Thursday | 8 January, 2009
CIO
How to Justify an IT Project With Uncertain Returns (And Still Make Your CFO Happy)
A cash-strapped IT manager makes the case for a business intelligence system one data analysis at a time
J Marc Hopkins 28 August, 2007 13:42:29

Start Small

To make the project more palatable financially, we broke up a large BI implementation plan into multiple cascading sub-projects, each of which built on the success of its predecessor. The value delivered by each step would be used to fund each subsequent step. Planned and executed correctly, the end result would be a low-risk, high-reward project delivering positive value from the first success. Because the project could not continue if any step did not deliver value, the CFO was convinced.
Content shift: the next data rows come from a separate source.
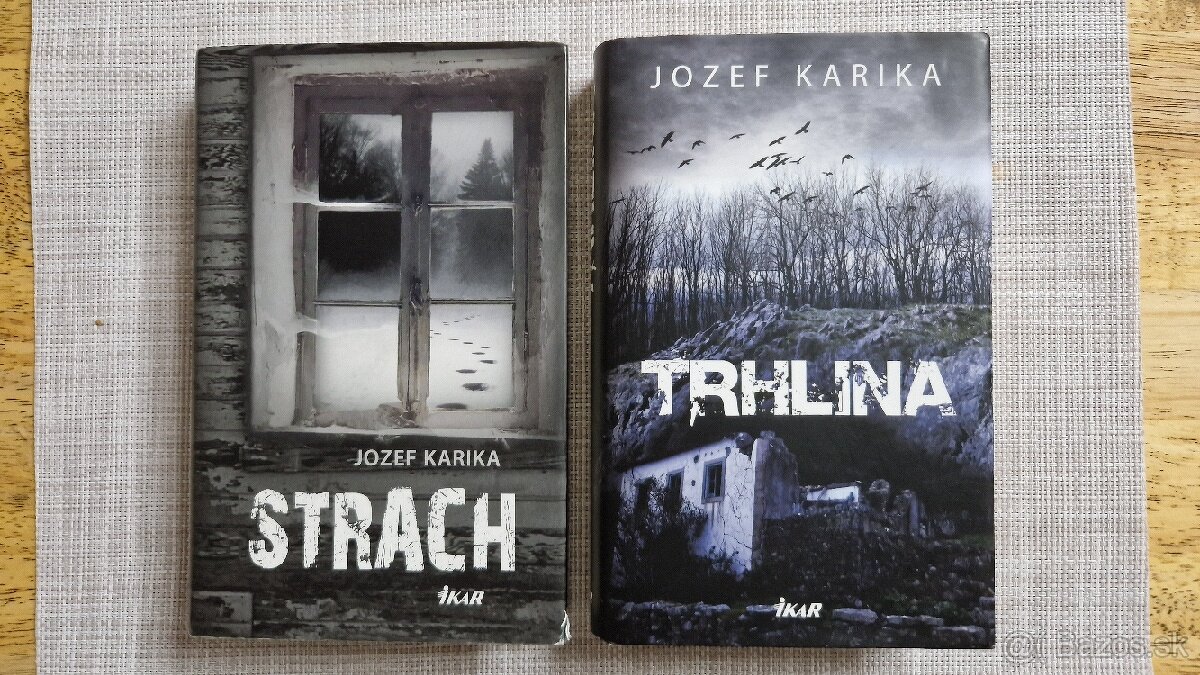 Jozef Karika - Strach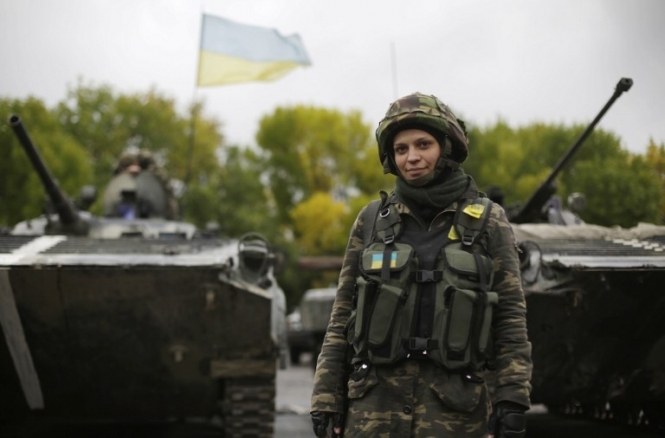 Українські військові під Дебальцевим відбили надважливу трасу на Харків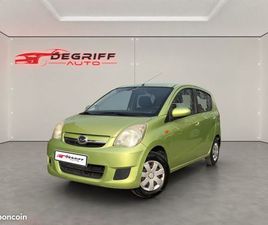 DAIHATSU CUORE DAIHATSU CUORE 1.0 VVT S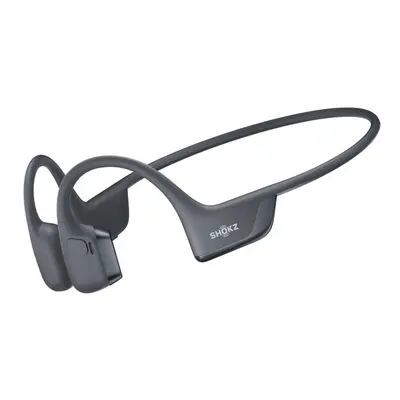 Shokz OpenRun Pro 2, czarne â bone conduction headphones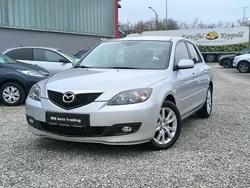 Silber Gebraucht 2007 Mazda 3 Limousine | 1.490 € (Guter Preis)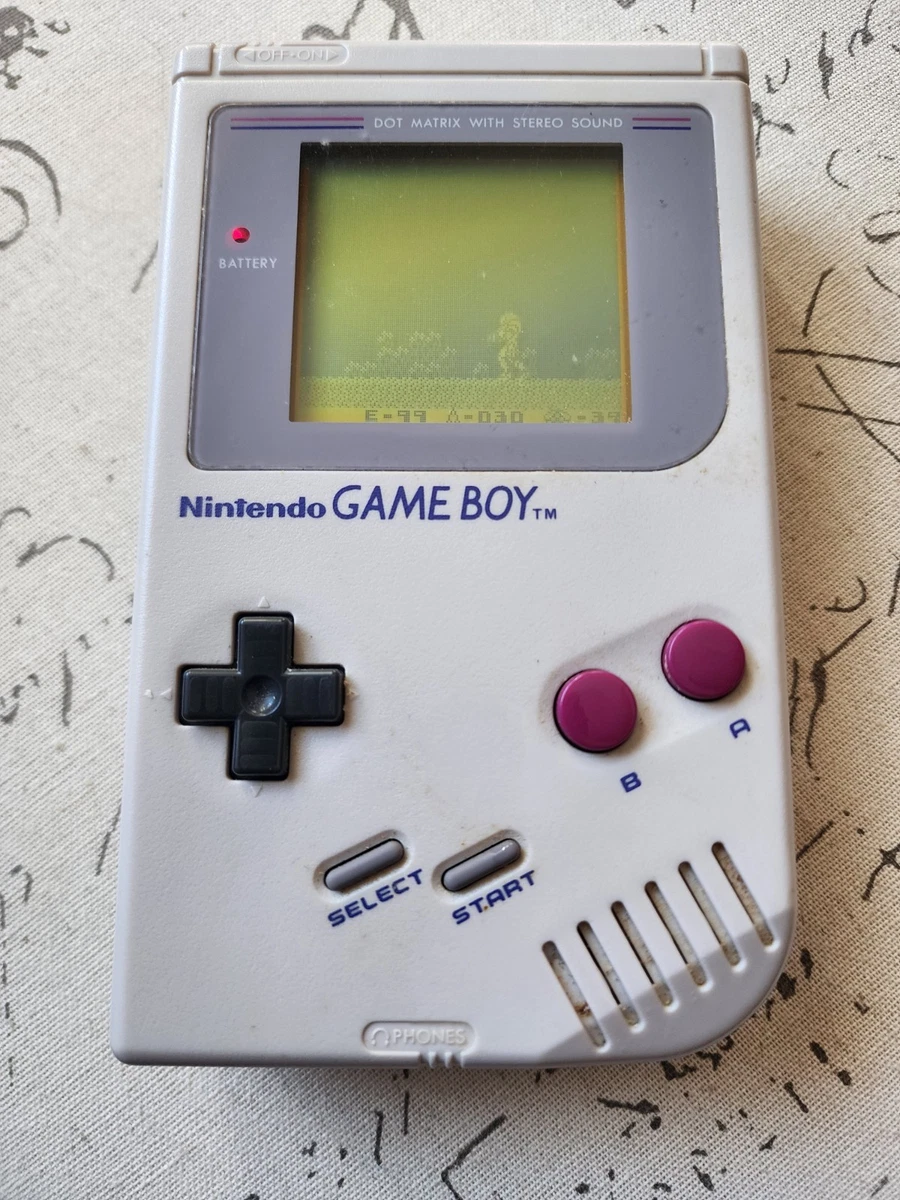 Gameboy Dmg 01 for sale | eBay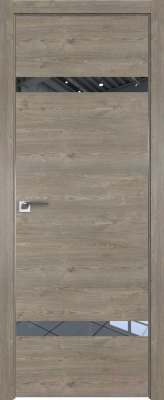 

Дверь межкомнатная ProfilDoors, 3ZN зпп Eclipse зпз 190 70x200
The reason we got the green light is that, as Internet pioneer David Reed concluded (in what has become known as Reed's Law), the value of the network comes not from its capacity, but from the transactions conducted on it. If there is no feasible action the organization can take, then the information the system would uncover has no value and you shouldn't build it. Reed's law of network value was pivotal in our requirements analysis. We identified first the areas where we knew we could deliver a positive value at a low cost-using existing tools wherever possible. For us, that meant building on existing Microsoft SQL and IBM Universe platforms, and building client side views using Access, Excel and basic Web services. As the BI initiative grew, we added the free version of Microsoft Office Sharepoint Server (MOSS), and plan on adding MOSS Enterprise features using some of the savings already delivered.

In one of the first steps, we focused first on patient wait times. Due to the often urgent nature of our practice, the office can fill with last-minute patients and we occasionally have excessive wait times. Historically, the practice felt this was unavoidable. Executive leadership set as a priority for this year to develop a report card about the problem and suggest corrective action.
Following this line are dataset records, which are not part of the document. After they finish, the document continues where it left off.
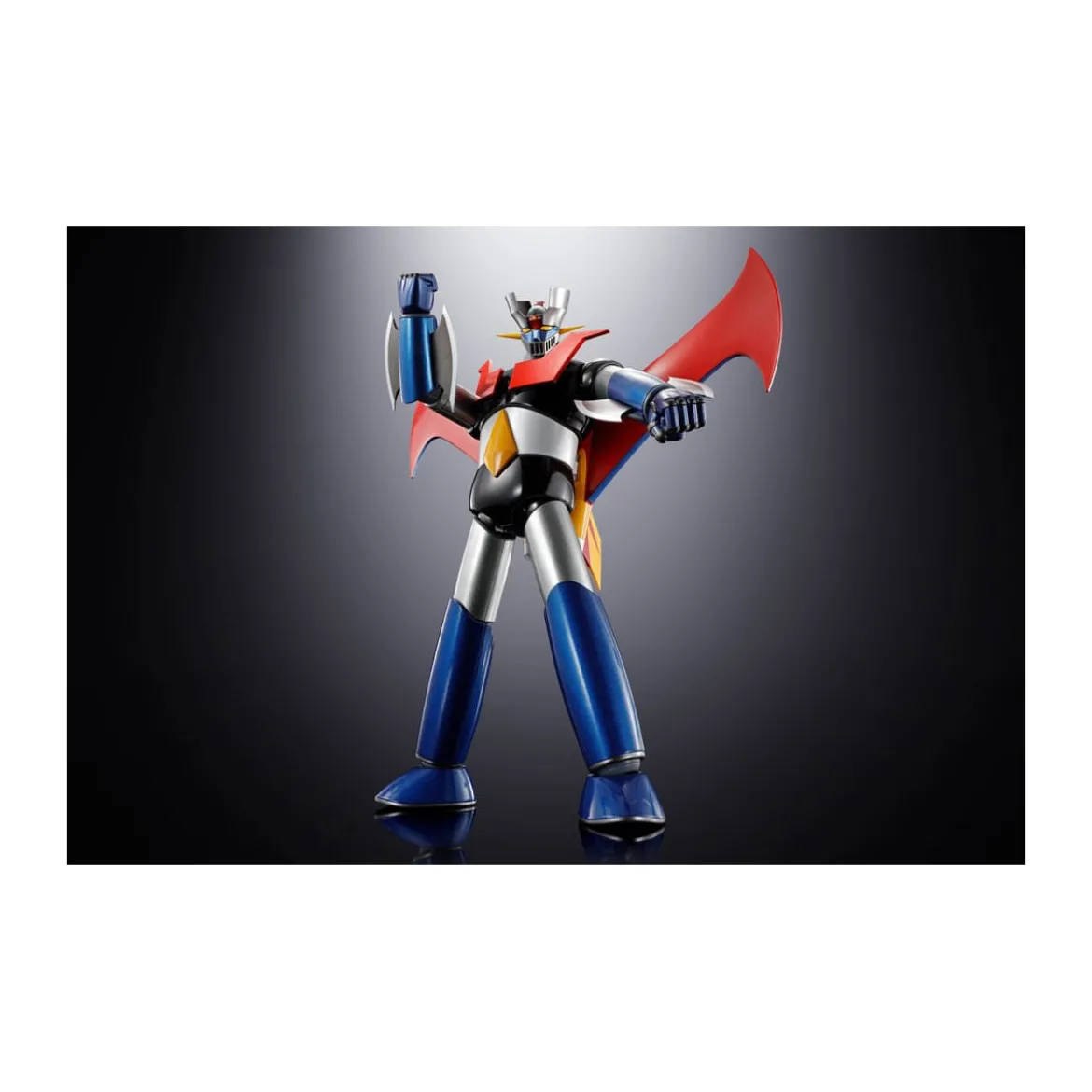 Bandai GX-117 MAZINGER Z Kakumei Shinka Power Up Ver. - Soul of Chogokin
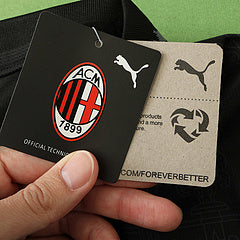 23/24 AC Milan Black Jersey – 10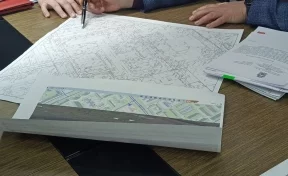 В Новокузнецке возле онкодиспансера расширят парковку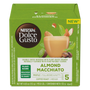 MACCHIATO AMÊNDOAS VEGANO 12 CÁPSULAS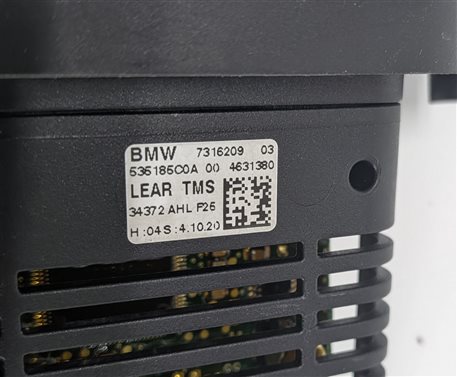 Thumbnail 8: 2011-2014 BMW X3 (F25) XENON HID BALLAST ADAPTIVE DRL CONTROL MODULE SET/4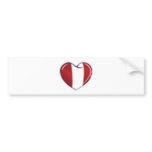 corazon-peruano-www_trucoslive_com bumper sticker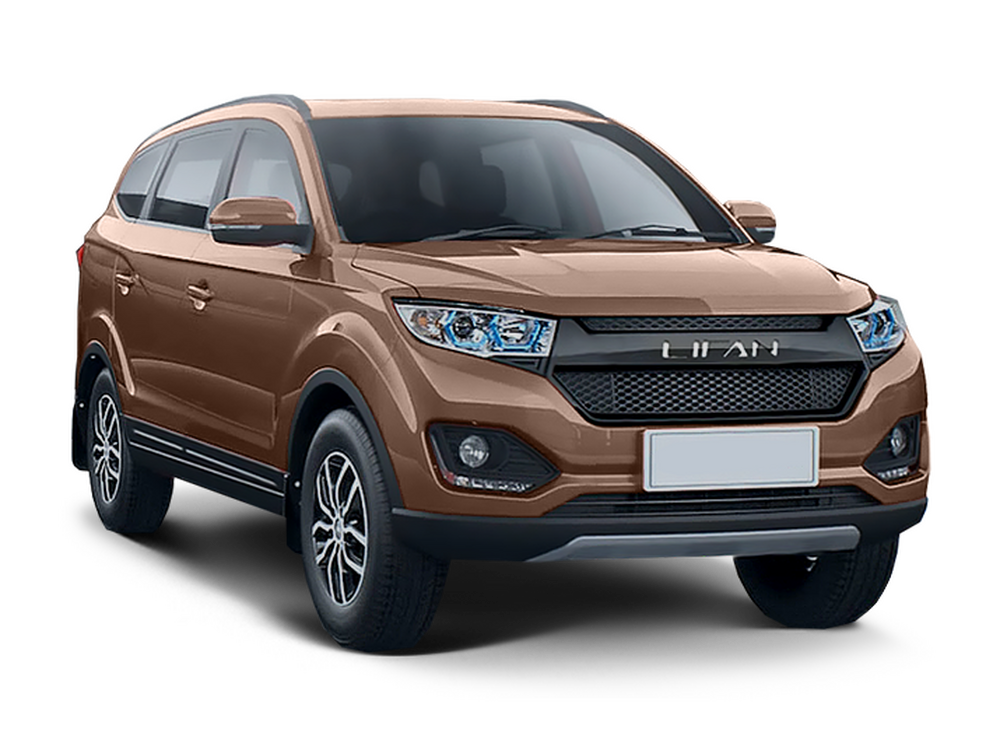 Lifan MyWay Comfort 1.8 (125 л.с.) 5MT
Working with the clinical manager of the affected area, we started with simple data discovery from our patient charting system. As a patient moves through the practice, his or her location is entered into this system by the clinical staff in order to ensure that patients get the proper tests before and after their visit with a physician. The time stamps and locations of these events had been logged for compliance purposes, but we had no report to analyze this data.

So we used our BI tools to dive into the data to see what was there. For each and every patient, we had a start and end time for each step of the process, which could then be computed into a statistical model of the typical patient visit. We learned how long typical patients sit in the waiting room and in the exam room waiting for the physician, how long they wait for an assistant, and how long they wait for certain tests. When we compared this data between physicians, visit types and locations, we learned (among many other discoveries) that the scheduling template we use is a key component of patient wait times, and that our model did not leave enough room for handling the additional traffic from urgent care visits that occurred during the day.

This analysis provided us with a road map to improve patient care. We have begun retraining our telephone schedulers to recognize more easily the opportunities for patients to use our urgent care clinic rather than our specialized clinics, so that we can keep scheduled appointments running on time.